= John Cawood (hymnwriter) =

English clergyman (1775–1852)

John Cawood (1775-1852) was an English clergyman, known as a writer of hymns.

==Life==
He was born on 18 March 1775 in Matlock, Derbyshire, the son of Thomas Cawood, a farmer. At the age of eighteen, he entered the employment of one Rev. Carsham, at Sutton-in-Ashfield, Nottinghamshire. This position led him to prepare for a career in the ministry, and to further his knowledge he studied with Rev. Edward Spencer, rector of Wingfield, Wiltshire.
He gained entrance to St Edmund Hall, Oxford in 1797, obtaining his B.A. in 1801, and M.A. in 1807. He was taught by Rev. Isaac Crouch, and was ordained on 21 December 1800. He held the curacies of Ribbesford and Dowles under Rev. William Jesse, who presented Cawood with the perpetual curacy of St. Anne's Bewdley in 1814.

He founded a Sunday School in Bewdley and started a mission in Far Forest, which led to the building of Holy Trinity Church there in 1844. In addition to his parochial work, he was a master at Bewdley Grammar School; among his pupils may be counted Edward Feild, John Medley, Hugh Stowell, and John George Breay.

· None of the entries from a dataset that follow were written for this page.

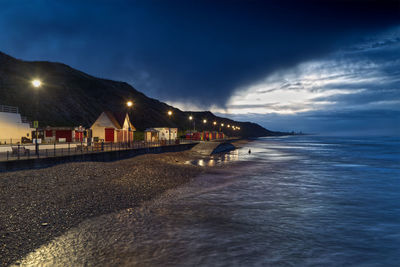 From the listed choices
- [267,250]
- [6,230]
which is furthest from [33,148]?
[267,250]

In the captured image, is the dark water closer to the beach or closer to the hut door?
the beach

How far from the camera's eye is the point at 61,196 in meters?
14.6

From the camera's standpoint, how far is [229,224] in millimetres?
12359

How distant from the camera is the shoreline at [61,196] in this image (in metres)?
9.79

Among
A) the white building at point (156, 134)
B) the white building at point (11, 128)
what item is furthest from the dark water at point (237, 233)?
the white building at point (156, 134)

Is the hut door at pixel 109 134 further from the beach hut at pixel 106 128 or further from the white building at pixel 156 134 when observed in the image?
the white building at pixel 156 134

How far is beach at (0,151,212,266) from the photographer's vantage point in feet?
32.2

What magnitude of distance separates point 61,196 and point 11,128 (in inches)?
1229

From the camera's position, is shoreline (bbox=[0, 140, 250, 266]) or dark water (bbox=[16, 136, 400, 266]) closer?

Cawood died at Bewdley on 7 November 1852, and was buried in the graveyard of the no longer extant St Andrew's Church, Dowles. His two marriages produced five children: two daughters died in infancy; his youngest child and only son, also John Cawood (1822-1894), was vicar of Pensax, and rector of Bayton and Mamble.

==Works==
Cawood's publications include a pamphlet entitled The Church of England and Dissent (1831), and Sermons (1842). His hymns, given variously as numbering between thirteen and twenty, were rarely published with his name attached during his lifetime. Nine of them appeared in the eighth edition of Thomas Cotterill's Selection of Psalms and Hymns (1819), including the favourite "Hark! what mean those holy voices". A few were also included in the Lyra Britannica (1867).

The list below is not complete.

==Hymns==
- A child of sin and wrath I'm born
- Almighty God! thy word is cast
- Begin a joyful song
- Behold yon wondrous star
- Blessed Father, Great Creator
- Christians, the glorious hope ye know
- Hark! what mean those holy voices
- Hark! what mean those lamentations
- In Israel's fane, by silent night
- King o'er all worlds the Saviour shone
- The Son of God, in worlds on high
- Trembling with tenderest alarms

==Settings==
"Hark! what mean those holy voices" gained great popularity as a Christmas hymn in the nineteenth century, and was set to music by numerous composers, including Dudley Buck, Hart Pease Danks, Lowell Mason, Patty Stair, Robert Morrison Stults, Arthur Sullivan, Florence Turner-Maley, Arthur Batelle Whiting and Isaac B. Woodbury.